GOAL OF THE EXERCISE: The line with "HongQid Women s" marks the start; please set it down along with all later lines through the end of the material, exactly, leaving out pictures.
*** TASK INPUT
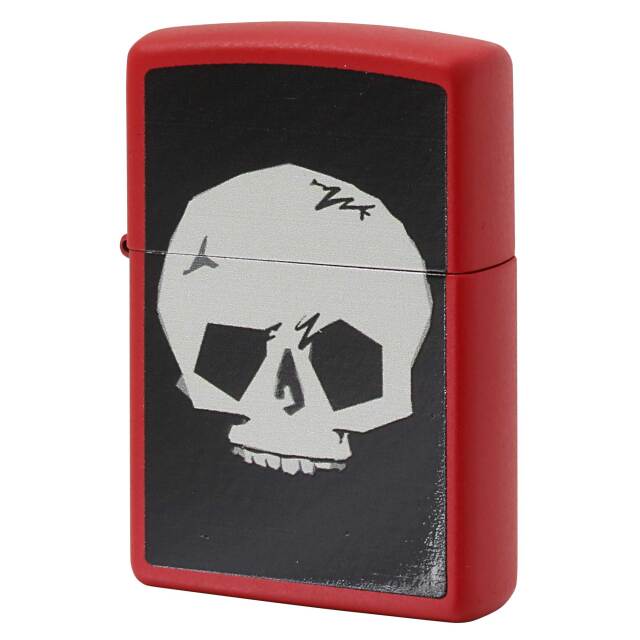絶版/ヴィンテージ Zippo ジッポー 中古 2015年製造 髑髏 ドクロ プリント マットレッド  [N]未使用・新品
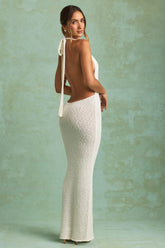 Bouclé Halterneck Maxi Dress in White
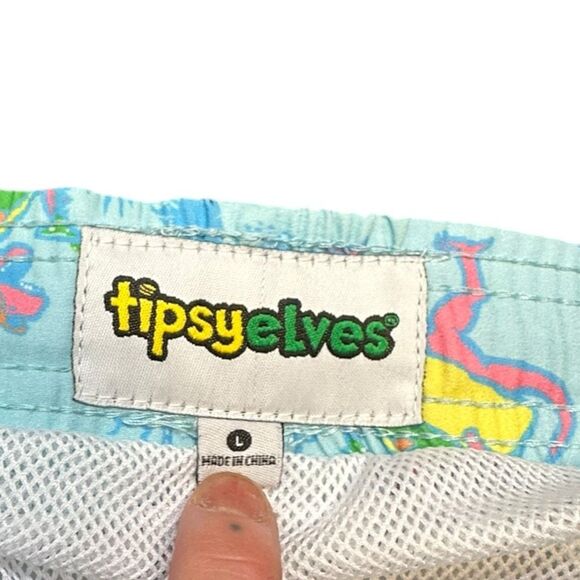 TIPSY ELVES Men’s Blue Tacosaurus Stretch Swim Trunks Size Large - Picture 4 of 7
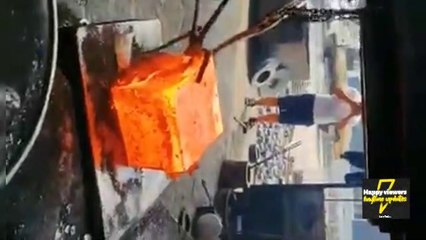 Iron  at high temperature heat to change shape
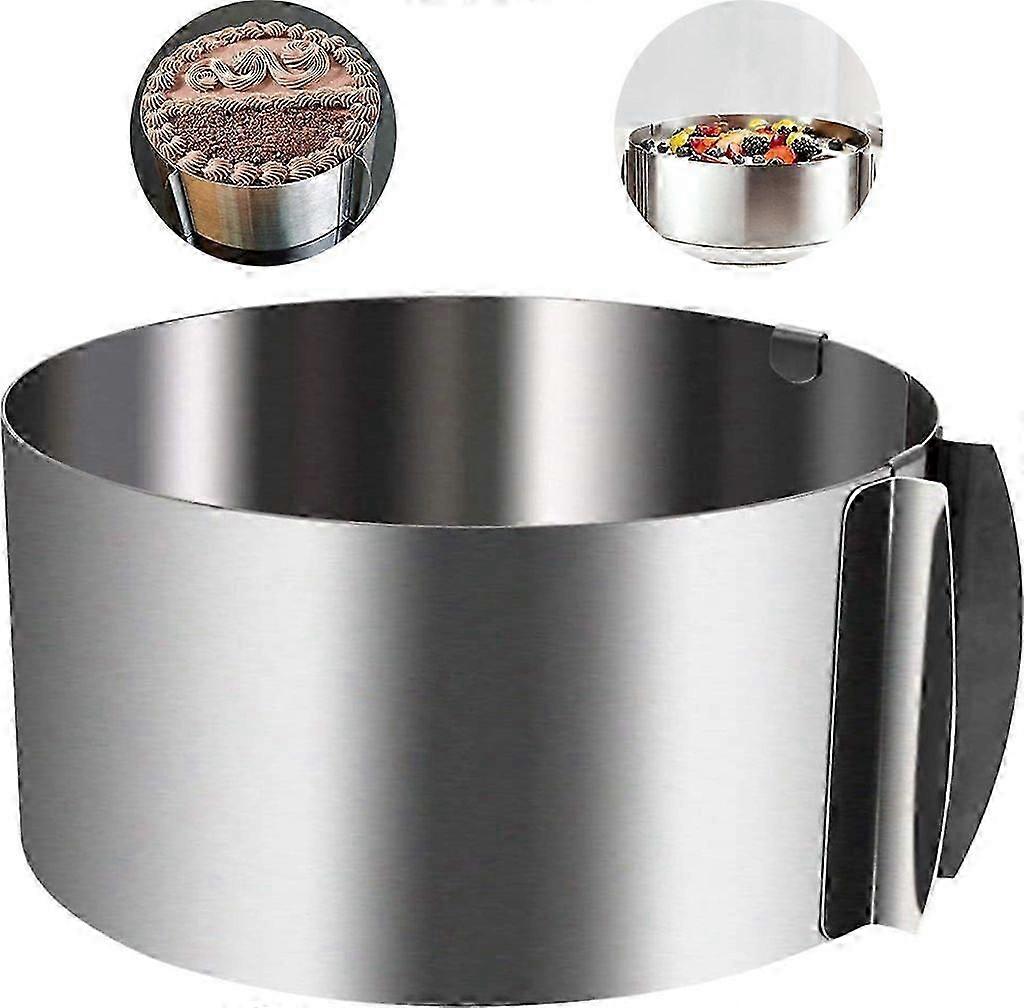 Cake Ring With Adjustable Diameter From 16 To 30 Cm, Stainless Steel, Silver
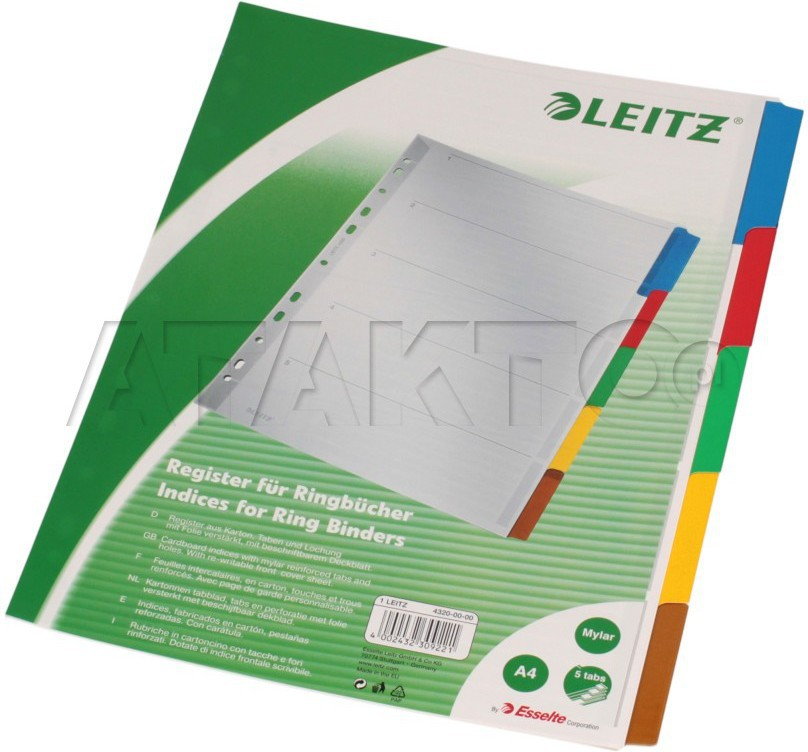 Leitz Przekładka kartonowe A4 5k kolorowe LE1046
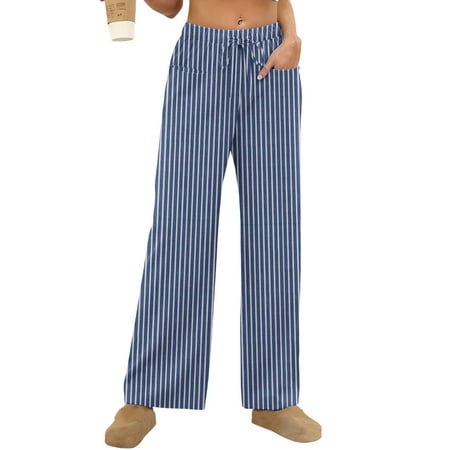 HongQid Women s Comfy Pajama Pants with Pockets Stretch Drawstring Lounge Pants Striped Soft Casual Wide Leg Pjs Sleep Bottoms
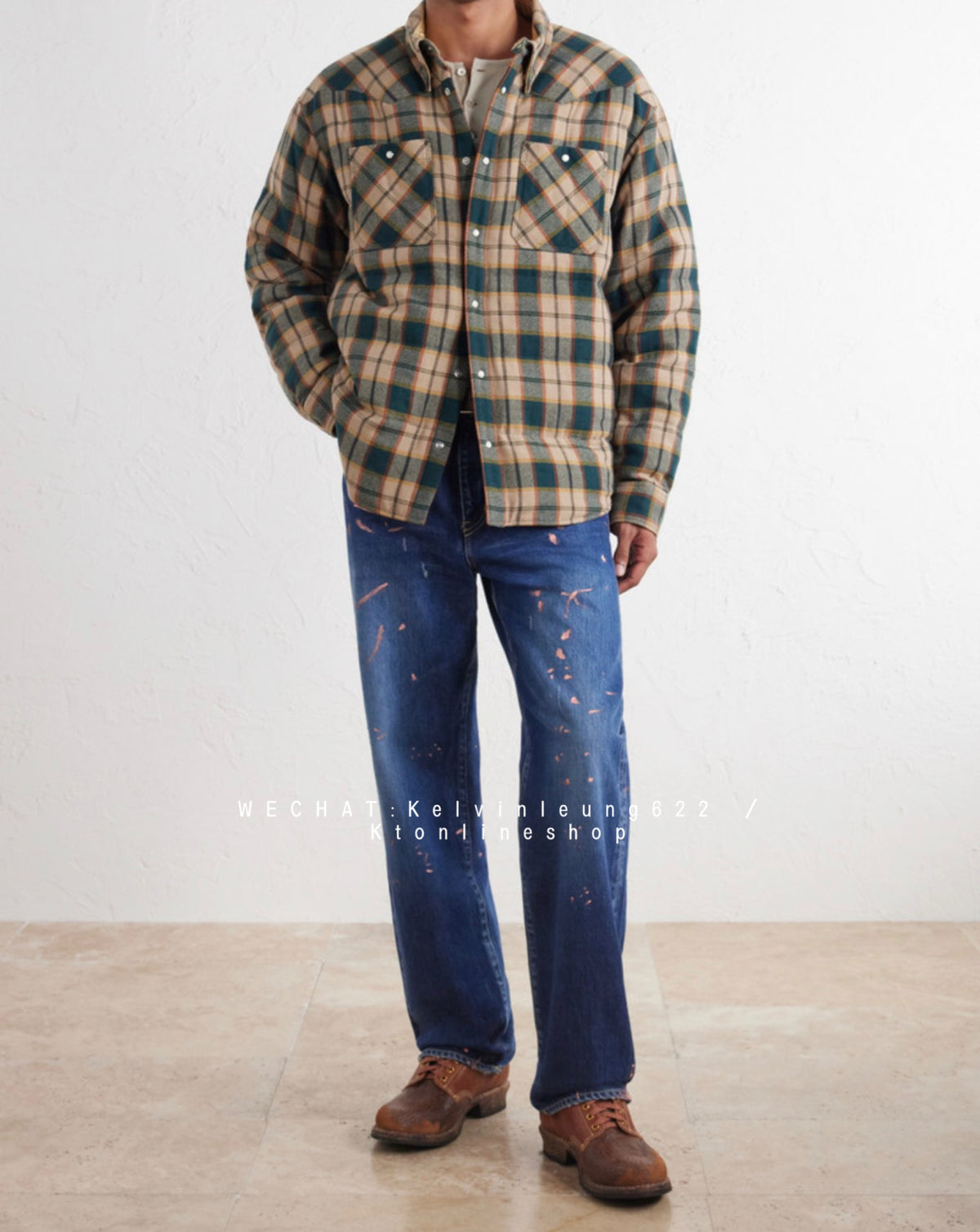 VISVIM 26AW MOTORS CLUB KERCHIEF DOWN CHECK JKT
******
TASK SOLUTION:
 HongQid Women s Comfy Pajama Pants with Pockets Stretch Drawstring Lounge Pants Striped Soft Casual Wide Leg Pjs Sleep Bottoms
 VISVIM 26AW MOTORS CLUB KERCHIEF DOWN CHECK JKT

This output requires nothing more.